You could either move the application into one of these directories using mv or copy it using cp, or do what I am going to describe below and make a link (the UNIX version of an alias). Personally, I place the application in the Applications folder so that it is easy to get to from the Finder and then create a link into the appropriate directory along the path.
There are two types of links under UNIX: hard and symbolic. You will almost never use a hard link. Deleting a hard link causes the original file to be deleted, a very non-Mac behavior (and so not something that should be set up lightly). Symbolic links behave like aliases, deleting the link leaves the original file alone. The system stores a symbolic link as a path to the target so replacing one folder in the path with an identically named folder will change the symbolic link's target. This allows you to install upgrades by replacing folders in the Finder. In order to facilitate this, I removed the version information from the doxygen folder's name.

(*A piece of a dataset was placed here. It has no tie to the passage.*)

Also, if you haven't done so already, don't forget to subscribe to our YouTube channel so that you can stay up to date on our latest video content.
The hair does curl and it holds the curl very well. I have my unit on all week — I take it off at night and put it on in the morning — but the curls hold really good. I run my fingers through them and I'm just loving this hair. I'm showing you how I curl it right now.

The following is the command to create a link in the Terminal. You will need to be logged in as an administrator (for example, using the account you created when you first installed Mac OS X). Assuming that you are mimicking my set up, here is the command (type it on one line, it is split here to fit in the article).
%ln -s /Applications/doxygen/bin/doxygen /usr/bin/doxygen[return]

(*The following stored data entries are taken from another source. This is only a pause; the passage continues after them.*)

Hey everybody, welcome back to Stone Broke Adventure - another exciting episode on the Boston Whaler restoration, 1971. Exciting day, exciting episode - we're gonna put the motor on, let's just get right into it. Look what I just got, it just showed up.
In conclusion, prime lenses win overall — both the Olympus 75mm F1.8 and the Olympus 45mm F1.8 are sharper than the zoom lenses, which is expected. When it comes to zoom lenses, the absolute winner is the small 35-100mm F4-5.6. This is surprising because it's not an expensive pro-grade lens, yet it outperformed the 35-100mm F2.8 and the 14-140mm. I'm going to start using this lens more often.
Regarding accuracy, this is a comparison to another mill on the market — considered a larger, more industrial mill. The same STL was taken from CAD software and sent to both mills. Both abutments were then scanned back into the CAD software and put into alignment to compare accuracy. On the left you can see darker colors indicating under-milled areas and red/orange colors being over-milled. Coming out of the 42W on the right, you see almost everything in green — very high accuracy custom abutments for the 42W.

ln: /usr/bin/doxygen: Permission denied
As a normal user, you are not allowed to touch the /usr/bin/ directory. The trick is to find a phone booth and change into your super user outfit. This is not as hard as it seems. The command you want to use is the following.

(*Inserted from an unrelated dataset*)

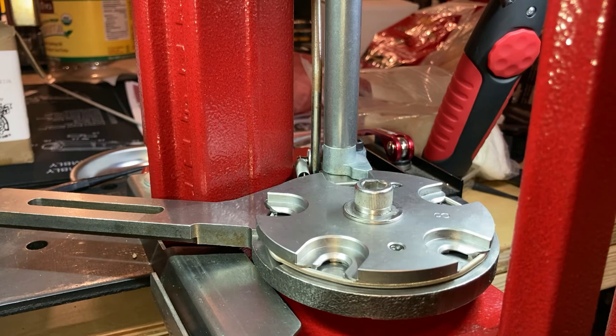Hope you all enjoyed the video. Just kind of my little maintenance procedure I go through. I don't know if it's exactly what Hornady recommends, but it's essentially what I figured out to keep the press running good. It works great for me — I've never had any issue with the press, just doing my maintenance and cleaning every 5,000 rounds or so.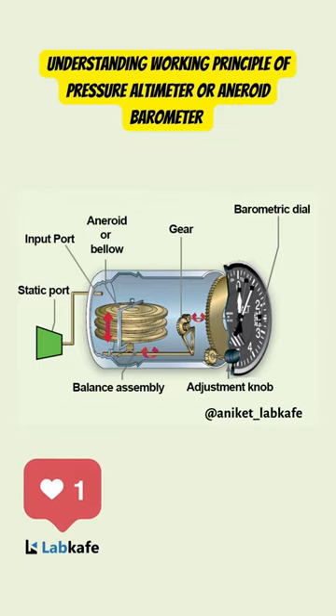Let's understand the working principle of the pressure altimeter, or aneroid barometer. The instrument inlet is connected to the outside of the aircraft. Two or more aneroid capsules expand or contract when the outside air pressure increases or decreases.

%sudo ln -s /Applications/doxygen/bin/doxygen /usr/bin/doxygen[return]
You should be prompted for your password and once it is accepted, the link will be created (assuming you are using an administrator account). Here is a quick breakdown on the command: sudo tells the shell that it should execute this command as an administrator (which is why you will need to type in your password). The command ln creates a link. The option -s creates a symbolic link. The next two arguments are the path to the original file (in Applications) and the path to the alias you are creating. You may need to change this (for example, if you placed doxygen in the Developer folder instead of the Applications folder). If either of these paths contains spaces, you will need to put the path in quotes or escape the space with a \. Once authenticated, you can use sudo for the next 5 minutes without reentering your password. You may also want to make symbolic links for doxysearch and doxytag in case you decide to use them later.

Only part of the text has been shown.